Cineca supercomputer
The Cineca team currently does their research using the Cineca FERMI BGQ supercomputer and an IBM NeXtScale cluster named Galileo based on Intel Xeon processors and Intel Xeon Phi coprocessors (768 E7120P). Cineca’s next HPC computer will be a Lenovo named Marconi with 2 PFlops with Intel Xeon processors E5 v4 in a first stage and 11 PFlops with the next-generation Intel Xeon Phi processors before fall of 2016. A third-stage system will include 4.5PFlops with future Intel Xeon processors and integrate an Intel Omni-Path interconnection.
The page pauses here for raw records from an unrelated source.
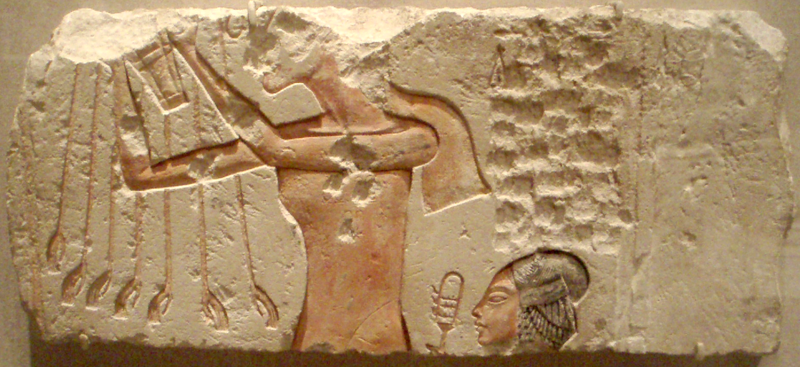 File:AmarnaRelief-AkhenatenAndDaughterOfferingToAten BrooklynMuseum.png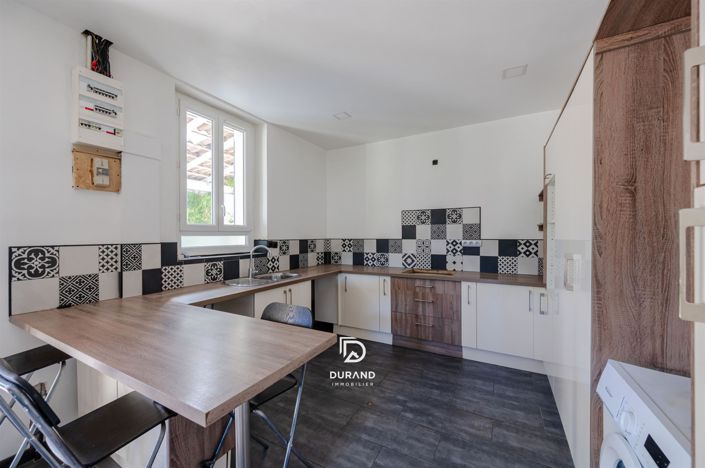 Image No.5-2 Bed House for sale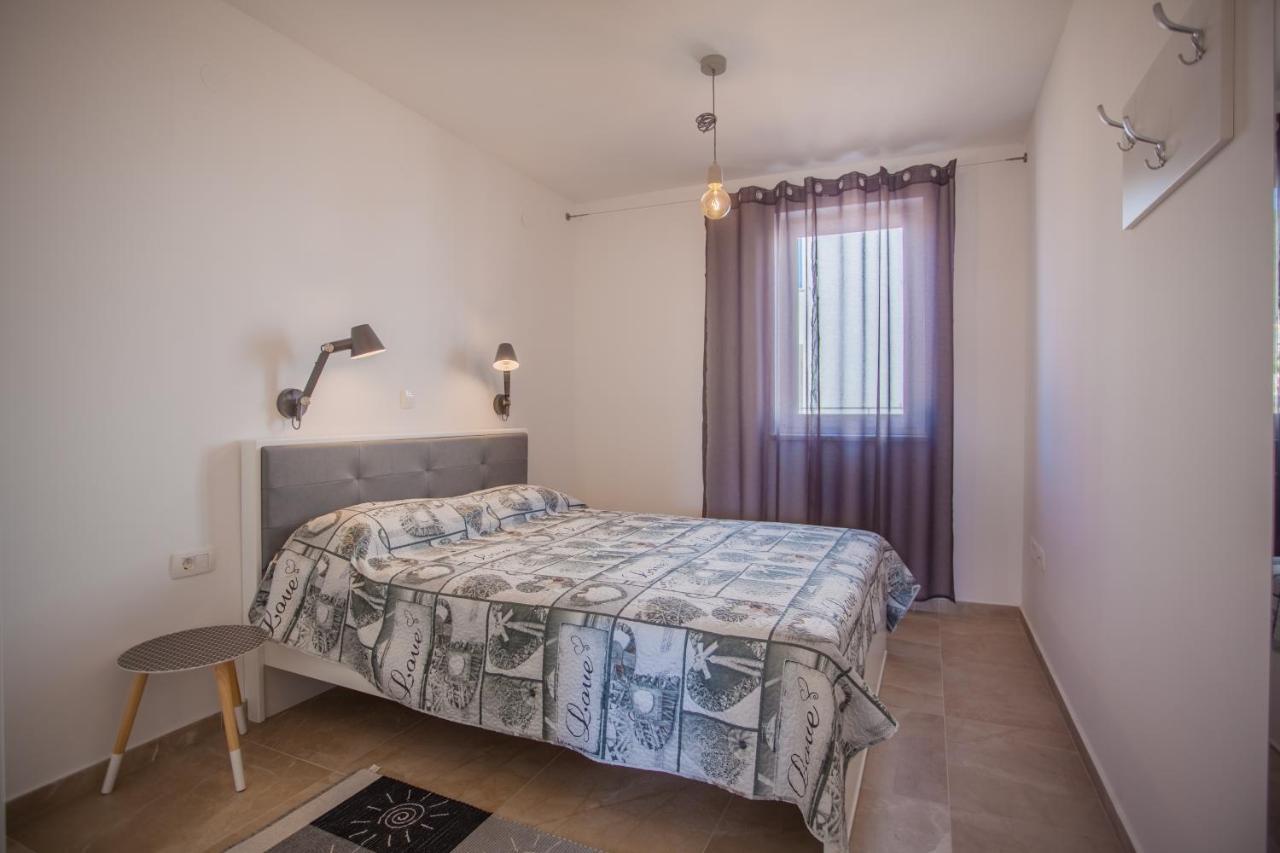 Ferienwohnung Apartman Pinja Cres Exterior foto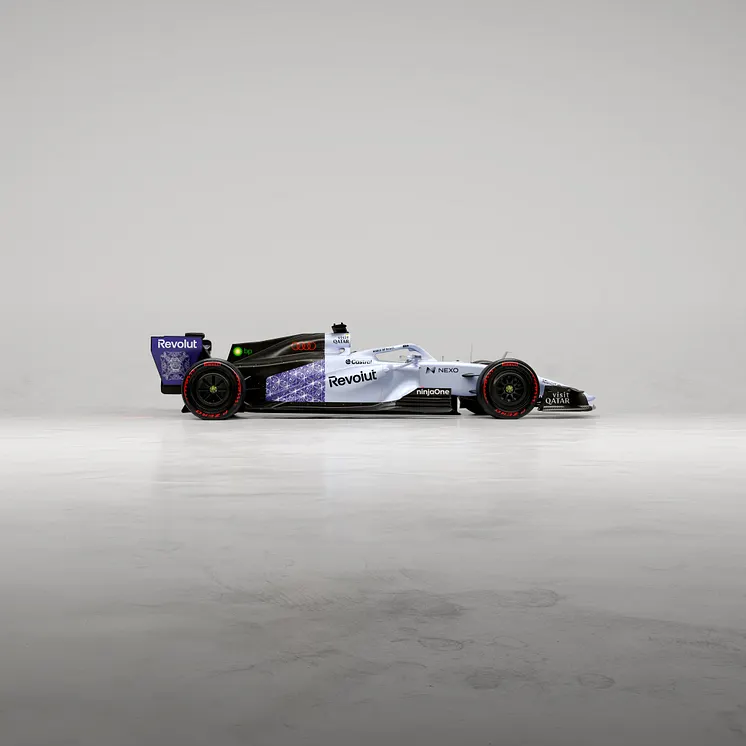 Ifm. Audis første Formel 1-natteløb får både Audi RS 5 og Audi R26 en særlig bemaling inspireret af Singapore by night.
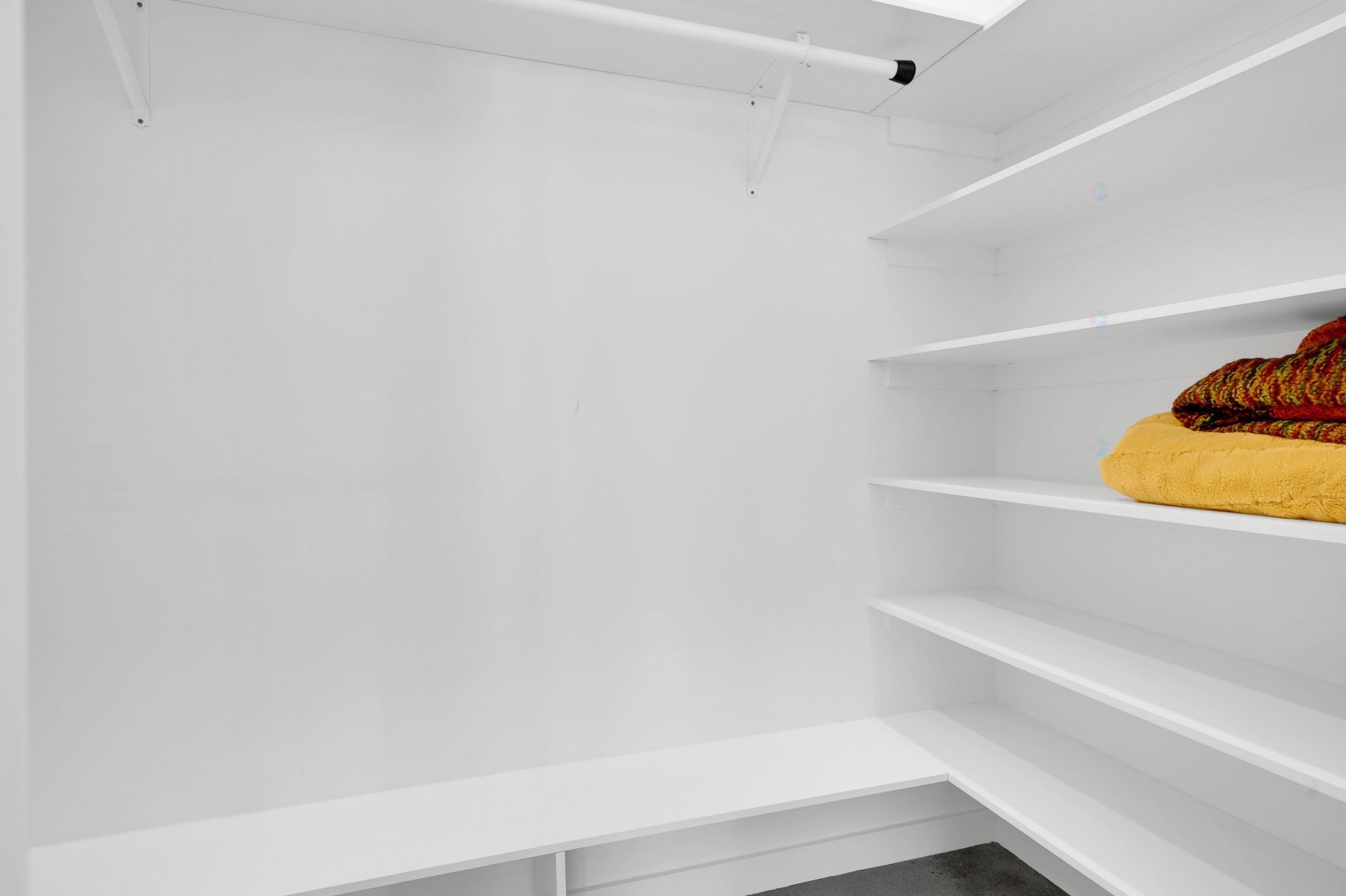 Closet - 2100 Ch. De L'Étang, Sainte-Adèle, QC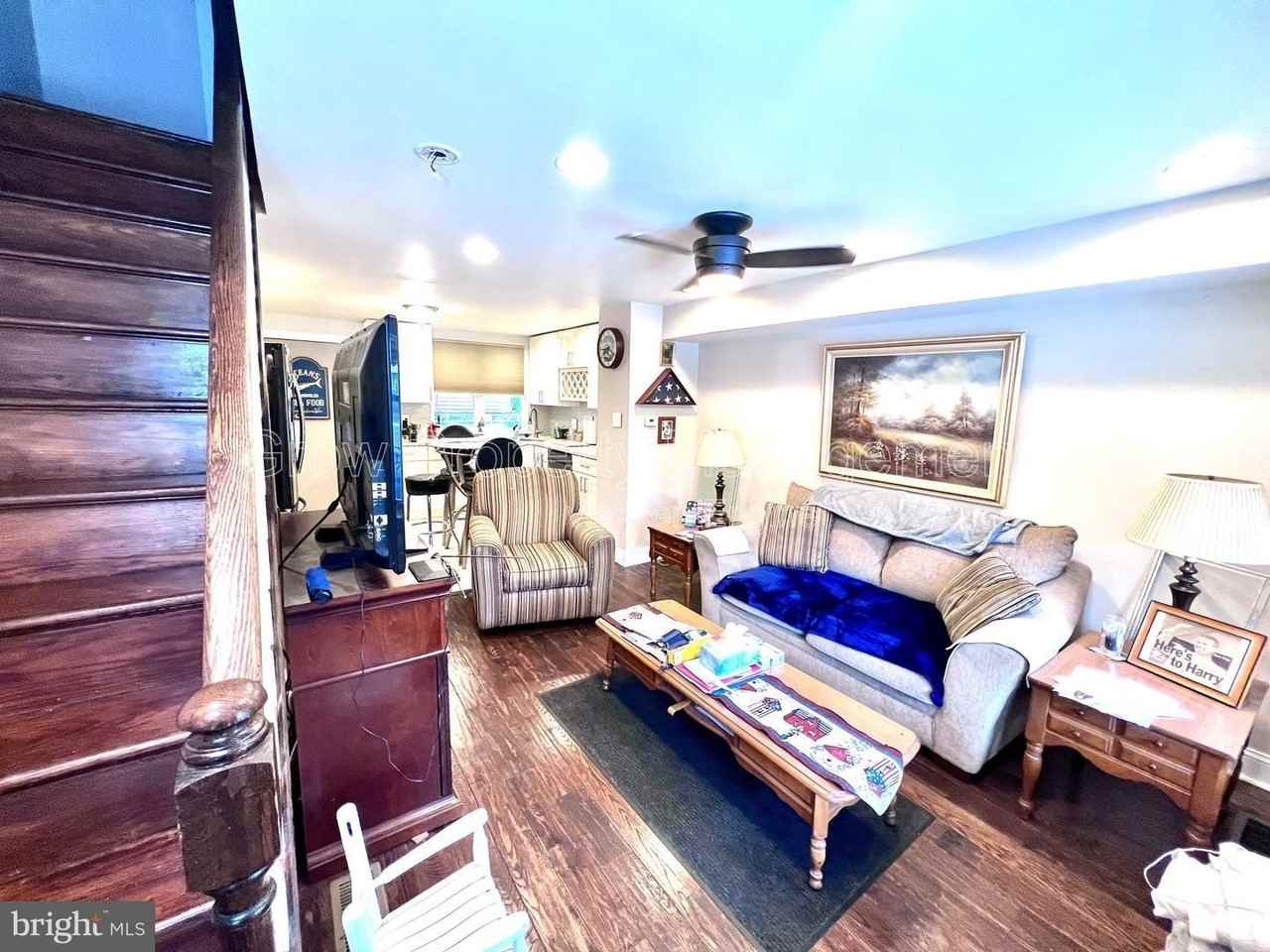 2830 Castor Ave - Photo 3 of 19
Cineca Quantum ESPRESSO code modifications
Cineca is engaged in many R&D projects relating to HPC developments. One of the most important is MaX, which is a center of excellence funded by the European Community, whose ambitions are to establish an infrastructure for the material scientists and to support the development of codes toward the exascale. According to Cavazzoni, “We always focused our work on the part of numerical algorithms on the Fourier transform (FFT) and on the linear algebra modules. We started to rethink the overall organization of the memory hierarchy and parallelization structure. In particular, we modified the code in order to implement a sort of hierarchical tiling of data structures. In order to do so, we had to deeply modify the distribution of the data structure in Quantum ESPRESSO. The following figure shows the high level QE hierarchy.”
Cineca is tiling data structures to efficiently use the computing power of each node. They changed fine-grain parallelism in the QE FFT module by refactoring data distribution using task groups as shown in Figure 4. The move to a many core model required changing QE code to make it fit the structure of a single node efficiently and splitting QE code into intra-node and inter-node processes. In their work with the new data layout, a single TILE of processes, inside a given taskgroup, contains all the G-vectors and subset of bands to compute full 3-D FFTs. The data tiling can be changed to best match the HPC system characteristic, to the limit (if node memory permits) of having a whole 3-D FFT performed by a single taskgroup locally to the node.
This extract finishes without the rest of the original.